Caption-style text data:
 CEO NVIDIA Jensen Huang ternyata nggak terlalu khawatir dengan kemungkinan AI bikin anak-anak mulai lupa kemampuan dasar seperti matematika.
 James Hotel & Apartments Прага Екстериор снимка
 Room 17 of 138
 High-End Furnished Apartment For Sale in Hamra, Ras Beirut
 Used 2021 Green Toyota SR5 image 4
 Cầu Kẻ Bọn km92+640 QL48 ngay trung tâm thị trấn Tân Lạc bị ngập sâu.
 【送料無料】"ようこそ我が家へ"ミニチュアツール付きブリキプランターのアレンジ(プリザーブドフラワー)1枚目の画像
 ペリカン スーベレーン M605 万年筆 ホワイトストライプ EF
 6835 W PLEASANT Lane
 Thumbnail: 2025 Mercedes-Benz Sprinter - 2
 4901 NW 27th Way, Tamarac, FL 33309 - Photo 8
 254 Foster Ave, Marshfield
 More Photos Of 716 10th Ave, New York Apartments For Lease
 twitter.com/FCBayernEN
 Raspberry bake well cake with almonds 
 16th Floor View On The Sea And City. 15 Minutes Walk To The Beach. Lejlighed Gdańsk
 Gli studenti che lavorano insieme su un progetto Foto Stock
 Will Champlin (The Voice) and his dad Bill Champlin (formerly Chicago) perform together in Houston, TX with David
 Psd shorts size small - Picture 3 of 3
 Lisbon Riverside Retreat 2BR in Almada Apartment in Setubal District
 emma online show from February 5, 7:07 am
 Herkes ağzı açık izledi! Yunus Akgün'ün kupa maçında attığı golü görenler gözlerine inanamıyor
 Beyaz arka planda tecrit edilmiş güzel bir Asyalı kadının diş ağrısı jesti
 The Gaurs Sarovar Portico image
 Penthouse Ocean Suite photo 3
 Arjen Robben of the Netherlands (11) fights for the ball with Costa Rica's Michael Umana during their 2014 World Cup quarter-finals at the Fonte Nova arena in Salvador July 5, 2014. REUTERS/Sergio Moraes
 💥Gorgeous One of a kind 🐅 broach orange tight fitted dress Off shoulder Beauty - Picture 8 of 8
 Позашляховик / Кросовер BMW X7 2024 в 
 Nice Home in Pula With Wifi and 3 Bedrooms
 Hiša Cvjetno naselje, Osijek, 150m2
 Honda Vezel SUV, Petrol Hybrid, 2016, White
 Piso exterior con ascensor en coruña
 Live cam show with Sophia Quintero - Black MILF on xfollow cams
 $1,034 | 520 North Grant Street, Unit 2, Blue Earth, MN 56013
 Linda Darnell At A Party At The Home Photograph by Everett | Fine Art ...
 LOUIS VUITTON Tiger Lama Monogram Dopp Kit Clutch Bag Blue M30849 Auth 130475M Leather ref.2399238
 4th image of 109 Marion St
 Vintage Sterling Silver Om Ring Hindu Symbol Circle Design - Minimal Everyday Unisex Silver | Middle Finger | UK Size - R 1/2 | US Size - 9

### Try it
Repeat every line of the data precisely.

### Answer to the problem
 CEO NVIDIA Jensen Huang ternyata nggak terlalu khawatir dengan kemungkinan AI bikin anak-anak mulai lupa kemampuan dasar seperti matematika.
 James Hotel & Apartments Прага Екстериор снимка
 Room 17 of 138
 High-End Furnished Apartment For Sale in Hamra, Ras Beirut
 Used 2021 Green Toyota SR5 image 4
 Cầu Kẻ Bọn km92+640 QL48 ngay trung tâm thị trấn Tân Lạc bị ngập sâu.
 【送料無料】"ようこそ我が家へ"ミニチュアツール付きブリキプランターのアレンジ(プリザーブドフラワー)1枚目の画像
 ペリカン スーベレーン M605 万年筆 ホワイトストライプ EF
 6835 W PLEASANT Lane
 Thumbnail: 2025 Mercedes-Benz Sprinter - 2
 4901 NW 27th Way, Tamarac, FL 33309 - Photo 8
 254 Foster Ave, Marshfield
 More Photos Of 716 10th Ave, New York Apartments For Lease
 twitter.com/FCBayernEN
 Raspberry bake well cake with almonds 
 16th Floor View On The Sea And City. 15 Minutes Walk To The Beach. Lejlighed Gdańsk
 Gli studenti che lavorano insieme su un progetto Foto Stock
 Will Champlin (The Voice) and his dad Bill Champlin (formerly Chicago) perform together in Houston, TX with David
 Psd shorts size small - Picture 3 of 3
 Lisbon Riverside Retreat 2BR in Almada Apartment in Setubal District
 emma online show from February 5, 7:07 am
 Herkes ağzı açık izledi! Yunus Akgün'ün kupa maçında attığı golü görenler gözlerine inanamıyor
 Beyaz arka planda tecrit edilmiş güzel bir Asyalı kadının diş ağrısı jesti
 The Gaurs Sarovar Portico image
 Penthouse Ocean Suite photo 3
 Arjen Robben of the Netherlands (11) fights for the ball with Costa Rica's Michael Umana during their 2014 World Cup quarter-finals at the Fonte Nova arena in Salvador July 5, 2014. REUTERS/Sergio Moraes
 💥Gorgeous One of a kind 🐅 broach orange tight fitted dress Off shoulder Beauty - Picture 8 of 8
 Позашляховик / Кросовер BMW X7 2024 в 
 Nice Home in Pula With Wifi and 3 Bedrooms
 Hiša Cvjetno naselje, Osijek, 150m2
 Honda Vezel SUV, Petrol Hybrid, 2016, White
 Piso exterior con ascensor en coruña
 Live cam show with Sophia Quintero - Black MILF on xfollow cams
 $1,034 | 520 North Grant Street, Unit 2, Blue Earth, MN 56013
 Linda Darnell At A Party At The Home Photograph by Everett | Fine Art ...
 LOUIS VUITTON Tiger Lama Monogram Dopp Kit Clutch Bag Blue M30849 Auth 130475M Leather ref.2399238
 4th image of 109 Marion St
 Vintage Sterling Silver Om Ring Hindu Symbol Circle Design - Minimal Everyday Unisex Silver | Middle Finger | UK Size - R 1/2 | US Size - 9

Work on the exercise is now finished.